Chapitre 67 : Filles, cheveux, et coutumes sorcières

- Ginny, dit Harry, agréablement fatigué après une longue séance de vol. Ça te dirait de faire un tour avec moi ?

- Bien sûr, Harry, dit-elle d'une voix aiguë.

Quand ils sortirent de la salle commune des Gryffondor, Harry entendit Lavande reprendre sa conversation excitée avec quelqu'un d'autre.

Harry commença à se diriger vaguement vers le hall d'entrée, se sentant un peu bizarre et mal à l'aise sans…

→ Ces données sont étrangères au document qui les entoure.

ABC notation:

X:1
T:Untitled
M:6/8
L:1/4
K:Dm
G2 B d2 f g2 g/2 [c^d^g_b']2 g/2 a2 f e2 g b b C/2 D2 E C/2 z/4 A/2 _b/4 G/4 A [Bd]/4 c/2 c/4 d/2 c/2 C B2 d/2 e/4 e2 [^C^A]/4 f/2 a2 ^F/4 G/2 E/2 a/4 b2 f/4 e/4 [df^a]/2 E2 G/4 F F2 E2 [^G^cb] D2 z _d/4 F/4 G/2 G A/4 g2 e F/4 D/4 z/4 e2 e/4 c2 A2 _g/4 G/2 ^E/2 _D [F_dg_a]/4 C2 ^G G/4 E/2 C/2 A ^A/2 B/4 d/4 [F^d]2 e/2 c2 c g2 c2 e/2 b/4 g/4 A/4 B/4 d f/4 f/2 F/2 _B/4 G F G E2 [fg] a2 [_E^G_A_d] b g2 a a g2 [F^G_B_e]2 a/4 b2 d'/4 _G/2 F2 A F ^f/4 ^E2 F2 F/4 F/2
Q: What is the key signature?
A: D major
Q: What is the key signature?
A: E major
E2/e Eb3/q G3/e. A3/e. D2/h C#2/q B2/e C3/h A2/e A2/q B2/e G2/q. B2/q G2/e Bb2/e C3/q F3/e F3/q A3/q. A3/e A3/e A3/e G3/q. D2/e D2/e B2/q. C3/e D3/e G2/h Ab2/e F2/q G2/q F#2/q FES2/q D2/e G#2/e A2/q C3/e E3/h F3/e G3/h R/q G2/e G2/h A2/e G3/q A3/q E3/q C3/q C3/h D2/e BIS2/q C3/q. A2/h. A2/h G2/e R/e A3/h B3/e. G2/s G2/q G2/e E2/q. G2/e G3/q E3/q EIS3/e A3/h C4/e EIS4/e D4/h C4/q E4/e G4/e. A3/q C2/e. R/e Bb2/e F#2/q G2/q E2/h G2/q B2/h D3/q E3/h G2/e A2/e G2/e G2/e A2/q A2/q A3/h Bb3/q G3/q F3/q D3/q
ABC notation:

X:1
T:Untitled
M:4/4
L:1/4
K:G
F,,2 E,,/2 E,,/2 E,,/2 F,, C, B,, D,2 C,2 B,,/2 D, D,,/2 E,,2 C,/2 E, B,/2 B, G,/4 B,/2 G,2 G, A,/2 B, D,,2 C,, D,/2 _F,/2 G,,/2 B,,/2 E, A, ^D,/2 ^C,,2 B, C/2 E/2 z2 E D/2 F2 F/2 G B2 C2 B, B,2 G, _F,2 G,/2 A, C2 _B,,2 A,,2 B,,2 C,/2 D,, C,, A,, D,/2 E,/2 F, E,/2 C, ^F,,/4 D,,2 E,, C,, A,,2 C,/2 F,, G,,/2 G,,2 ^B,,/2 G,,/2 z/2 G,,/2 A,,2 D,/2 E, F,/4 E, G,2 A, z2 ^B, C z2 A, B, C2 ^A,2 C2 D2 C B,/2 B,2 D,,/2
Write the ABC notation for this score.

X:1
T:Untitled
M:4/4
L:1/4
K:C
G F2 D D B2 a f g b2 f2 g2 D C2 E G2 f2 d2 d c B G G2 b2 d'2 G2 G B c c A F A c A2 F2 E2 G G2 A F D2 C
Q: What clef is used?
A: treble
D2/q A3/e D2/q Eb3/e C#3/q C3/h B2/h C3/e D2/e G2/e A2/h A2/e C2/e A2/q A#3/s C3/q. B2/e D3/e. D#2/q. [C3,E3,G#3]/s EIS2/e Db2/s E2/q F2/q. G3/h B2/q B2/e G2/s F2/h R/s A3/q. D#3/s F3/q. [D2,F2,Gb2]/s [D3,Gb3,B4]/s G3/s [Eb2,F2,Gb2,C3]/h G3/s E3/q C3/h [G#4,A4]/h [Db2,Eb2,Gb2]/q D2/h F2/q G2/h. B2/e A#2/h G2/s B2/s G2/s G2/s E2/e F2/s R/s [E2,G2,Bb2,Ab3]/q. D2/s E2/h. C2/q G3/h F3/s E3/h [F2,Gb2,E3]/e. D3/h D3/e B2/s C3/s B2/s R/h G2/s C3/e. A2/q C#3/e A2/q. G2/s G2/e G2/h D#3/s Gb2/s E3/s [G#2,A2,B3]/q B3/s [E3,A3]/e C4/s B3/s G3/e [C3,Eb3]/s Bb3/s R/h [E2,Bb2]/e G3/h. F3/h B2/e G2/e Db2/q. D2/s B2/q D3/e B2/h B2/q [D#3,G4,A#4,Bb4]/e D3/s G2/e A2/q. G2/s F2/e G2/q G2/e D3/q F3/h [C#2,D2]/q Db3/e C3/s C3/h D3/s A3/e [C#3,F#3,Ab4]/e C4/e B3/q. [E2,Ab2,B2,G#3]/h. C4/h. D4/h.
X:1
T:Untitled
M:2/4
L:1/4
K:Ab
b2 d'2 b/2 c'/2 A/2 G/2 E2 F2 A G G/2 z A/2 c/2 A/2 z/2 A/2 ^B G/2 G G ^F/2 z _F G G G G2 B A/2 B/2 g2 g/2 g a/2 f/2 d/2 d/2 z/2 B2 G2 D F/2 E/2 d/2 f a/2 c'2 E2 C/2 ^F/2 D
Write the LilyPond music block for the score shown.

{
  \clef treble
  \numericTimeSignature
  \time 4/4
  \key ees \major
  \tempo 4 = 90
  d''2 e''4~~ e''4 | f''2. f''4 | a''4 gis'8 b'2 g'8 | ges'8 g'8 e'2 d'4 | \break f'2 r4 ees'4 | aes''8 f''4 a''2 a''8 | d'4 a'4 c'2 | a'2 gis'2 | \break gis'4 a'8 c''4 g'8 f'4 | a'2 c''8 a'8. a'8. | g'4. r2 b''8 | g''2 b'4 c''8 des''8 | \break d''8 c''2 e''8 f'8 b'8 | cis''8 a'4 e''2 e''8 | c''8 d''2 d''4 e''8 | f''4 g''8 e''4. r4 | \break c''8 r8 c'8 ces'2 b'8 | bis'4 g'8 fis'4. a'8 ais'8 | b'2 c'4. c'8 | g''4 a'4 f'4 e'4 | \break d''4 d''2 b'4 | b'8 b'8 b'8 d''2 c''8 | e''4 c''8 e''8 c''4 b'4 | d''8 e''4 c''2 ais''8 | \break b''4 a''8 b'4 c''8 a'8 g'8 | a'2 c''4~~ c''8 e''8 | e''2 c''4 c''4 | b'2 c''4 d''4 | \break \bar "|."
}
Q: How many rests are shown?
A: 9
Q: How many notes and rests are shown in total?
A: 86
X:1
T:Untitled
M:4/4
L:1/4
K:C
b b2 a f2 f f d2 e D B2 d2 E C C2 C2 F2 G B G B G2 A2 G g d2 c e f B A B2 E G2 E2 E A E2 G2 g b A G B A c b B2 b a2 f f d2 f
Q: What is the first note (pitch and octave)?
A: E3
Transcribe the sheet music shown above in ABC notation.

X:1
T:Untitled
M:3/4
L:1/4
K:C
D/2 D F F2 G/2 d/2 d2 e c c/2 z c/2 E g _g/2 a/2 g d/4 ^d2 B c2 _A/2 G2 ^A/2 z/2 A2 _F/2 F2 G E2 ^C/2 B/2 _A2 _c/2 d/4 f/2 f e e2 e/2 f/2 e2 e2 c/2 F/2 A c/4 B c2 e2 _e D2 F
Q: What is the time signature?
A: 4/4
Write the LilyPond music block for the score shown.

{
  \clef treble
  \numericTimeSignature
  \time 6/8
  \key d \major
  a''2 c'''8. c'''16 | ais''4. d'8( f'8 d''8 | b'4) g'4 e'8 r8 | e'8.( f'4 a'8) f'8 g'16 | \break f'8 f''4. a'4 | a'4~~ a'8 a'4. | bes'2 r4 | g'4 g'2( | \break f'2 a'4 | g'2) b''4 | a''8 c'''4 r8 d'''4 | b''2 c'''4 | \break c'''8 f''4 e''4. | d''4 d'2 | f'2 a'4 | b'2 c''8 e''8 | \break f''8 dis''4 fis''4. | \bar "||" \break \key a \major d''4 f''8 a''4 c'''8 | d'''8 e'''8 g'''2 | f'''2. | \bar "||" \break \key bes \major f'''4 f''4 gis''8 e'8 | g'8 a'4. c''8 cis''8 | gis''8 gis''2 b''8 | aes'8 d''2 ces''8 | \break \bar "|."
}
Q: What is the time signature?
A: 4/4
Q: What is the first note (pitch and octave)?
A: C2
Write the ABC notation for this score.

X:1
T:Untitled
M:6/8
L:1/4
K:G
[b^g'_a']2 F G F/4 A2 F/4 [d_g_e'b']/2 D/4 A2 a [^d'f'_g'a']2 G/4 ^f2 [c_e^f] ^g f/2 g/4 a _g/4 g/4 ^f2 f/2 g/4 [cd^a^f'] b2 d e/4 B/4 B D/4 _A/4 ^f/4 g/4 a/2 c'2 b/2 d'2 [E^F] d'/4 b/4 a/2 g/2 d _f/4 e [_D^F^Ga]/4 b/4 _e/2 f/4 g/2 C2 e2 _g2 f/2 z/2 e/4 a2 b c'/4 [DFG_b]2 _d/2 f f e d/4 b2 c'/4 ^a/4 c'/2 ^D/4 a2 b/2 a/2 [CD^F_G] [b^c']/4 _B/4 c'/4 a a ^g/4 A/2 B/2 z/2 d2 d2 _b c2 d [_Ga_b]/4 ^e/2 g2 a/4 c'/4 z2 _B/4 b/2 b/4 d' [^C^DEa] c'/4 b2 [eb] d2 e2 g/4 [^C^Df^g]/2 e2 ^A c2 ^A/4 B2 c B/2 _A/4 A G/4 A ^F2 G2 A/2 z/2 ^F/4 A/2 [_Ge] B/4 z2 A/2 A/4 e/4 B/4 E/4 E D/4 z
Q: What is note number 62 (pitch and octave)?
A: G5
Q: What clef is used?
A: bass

- Est-ce que tu sais où les gens ici vont pour parler en privé ? demanda-t-il brusquement.

Ginny gloussa.

Harry la regarda d'un air vide.

- La tour d'astronomie, dit Ginny. Par là.

Un peu étonné, Harry la suivit. Elle semblait savoir où aller, au moins. Et la vue depuis la tour d'Astronomie était plutôt chouette.

- Alors, dit-elle, s'appuyant contre le mur et regardant l'étendue de la pelouse et de la forêt. De quoi voulais-tu me parler, Harry.

- Ben. Voldemort.

Elle se tourna et lui sourit.

- Comme c'est agréable à entendre. Tu as une idée de combien c'est frustrant de n'être au courant de rien ?

- Oui, dit-il avec un sourire fatigué. Un peu.

Et il se retrouva à raconter à Ginny à peu près tout ce qu'ils suspectaient Voldemort de préparer. Cette histoire d'arme secrète. Il ne parla pas de l'Ordre, parce qu'il n'était pas complètement idiot.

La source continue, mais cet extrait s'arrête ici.